- Swiss Trade Balance: 3.58B actual v.s. 2.54B expected, 3.41B previous
- U.K. Public Sector Net Borrowing: 9.4B actual v.s. 8.7B expected, 9.1B previous
Economic data was in short supply during today’s morning London forex session, but that didn’t seem to affect volatility since almost all currency pairs were on the move. Lemme point out the most noticeable ones.
Up first is the Swiss franc. The Swissy was strong across the board, thanks to a significantly better-than-expected reading for Switzerland’s trade balance. The consensus among forex market analysts was that Switzerland’s trade surplus would narrow a bit, so it was a very pleasant surprise when the actual reading printed a slight improvement over the previous report.

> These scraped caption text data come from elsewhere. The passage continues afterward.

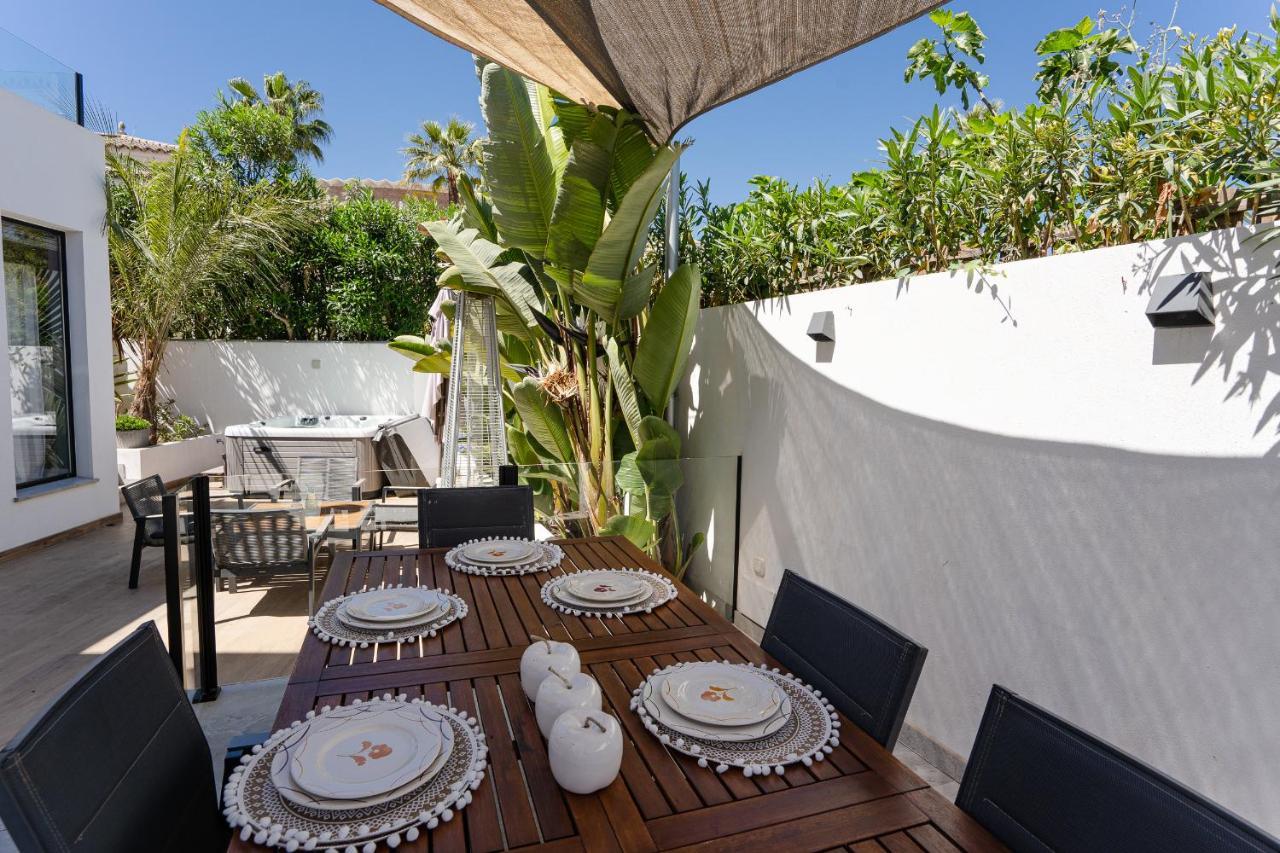Zorro Villa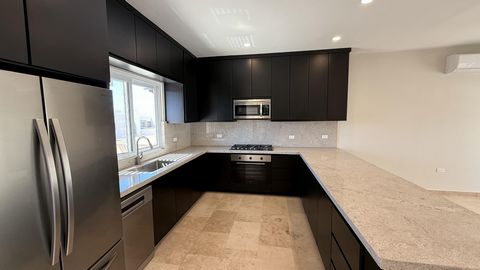 Welcome to this brand new construction home designed for modern living and ultimate comfort. Located just a 7 minute drive to the beach with multiple restaurants and amenities nearby this home offers the perfect blend of convenience and luxury. 3 Bed...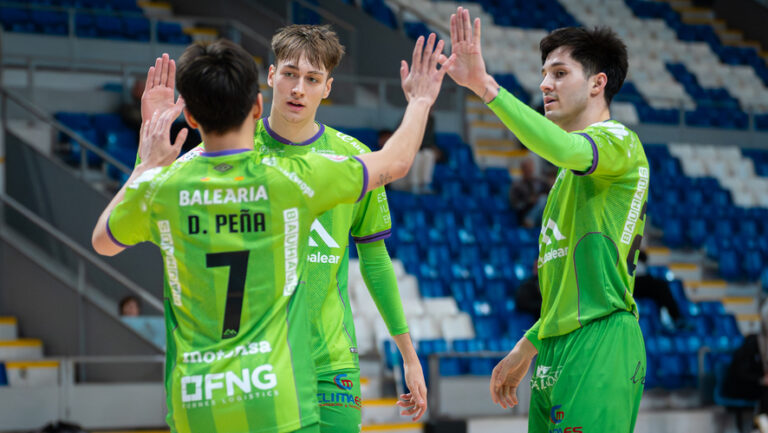 Jugadores del Illes Balears Palma Futsal celebrando un gol en el partido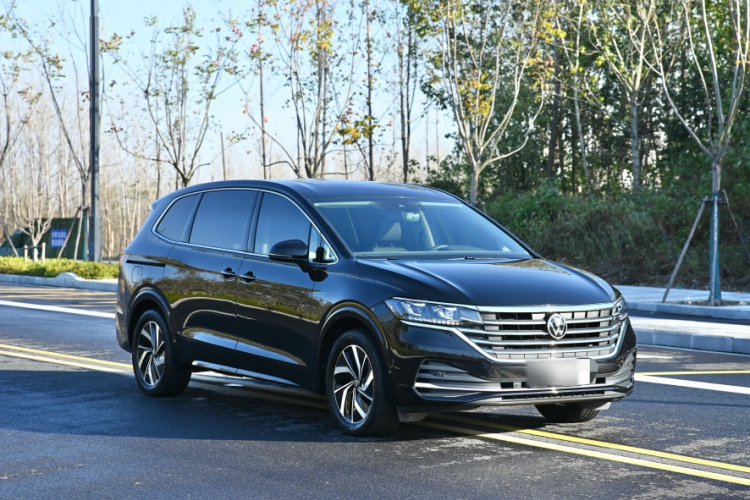 大众 威然 2023款 改款 380TSI 尊驰版车身外观6001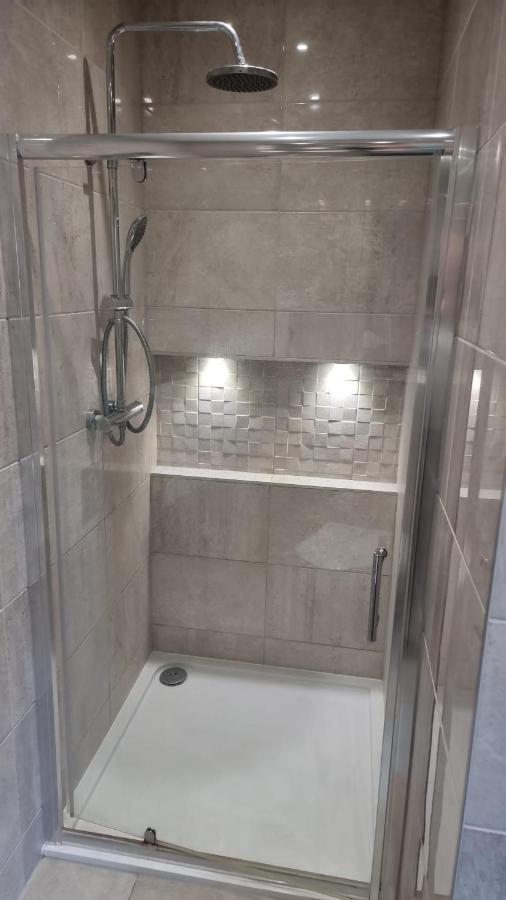Jasmin Apartments - Luxury 1 & 2 Bedroom Units With Free Parking Bushey Kültér fotó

USD/CHF is down by 26 pips (-0.27%) to 0.9605, GBP/CHF is down by 66 pips (-0.45%) to 1.4931, CAD/CHF is down by 20 pips (-0.27%) to 0.7391
Next up is the euro. There weren’t any economic data for the euro zone during the forex session, but the euro was fairly strong across the board. Rummaging through the news reports that were released during the session, it seems like forex traders were loading up on the euro shortly after reports were released that Greece has submitted the second bill required by its creditors before talks on a new bailout package could start. The Greek government’s apparent willingness to cooperate is certainly an optimistic development, which is probably why the euro saw a lot of buyers.
EUR/USD is up by 42 pips (+0.40%) to 1.0874, EUR/JPY is up by 47 pips (+0.35%) to 135.19, EUR/GBP is up by 34 pips (+0.49%) to 0.6987
The pound saw another round of selling. And even though public sector net borrowing was not within expectations, it still meant public finances were improving. And since there were positive developments from Greece, I don’t think continued pessimism over the U.K. being dragged into a Greek bailout is the reason for the weakness. I don’t think market sentiment was the reason either since U.K. 10-year bond yields were up by 2.18% to 2.109%.
It’s just a hunch, but I think forex traders are shifting their long-term sentiment on the pound. After all, the Bank of England has identified a strong pound as a significant barrier to both inflation and future rate hikes. BOE Governor Mark Carney reiterated this in his July 16 speech when he said that “developments in the exchange rate have been important for UK inflation and activity, and in particular we have experienced persistent exchange rate pass-through to headline inflation. This risk is particularly relevant at present when the monetary policy stance of our largest trading partner is diverging with ours.”
Of course, it could just be opposing currency price action and capital flow since both the euro and the Swissy were particularly strong against the pound, which meant capital was flowing to the euro and the Swissy at the expense of the pound. The pound finally found some buyers near the end of the forex session, though.
GBP/USD is down by 27 pips (-0.18%) to 1.5543 with 1.5528 as session low, GBP/JPY is down by 37 pips (-0.19%) to 193.32 with 193.03 as session low, GBP/AUD is down by 77 pips (-0.37%) to 2.1084 with 2.1051 as session low
The forex calendar for the upcoming afternoon London/morning U.S. has nothing lined up for release, so forex traders would probably be looking to news reports, market sentiment, and/or commodities for direction. In particular, make sure to keep an eye and an ear out for any updates on the Greek drama. Stay frosty!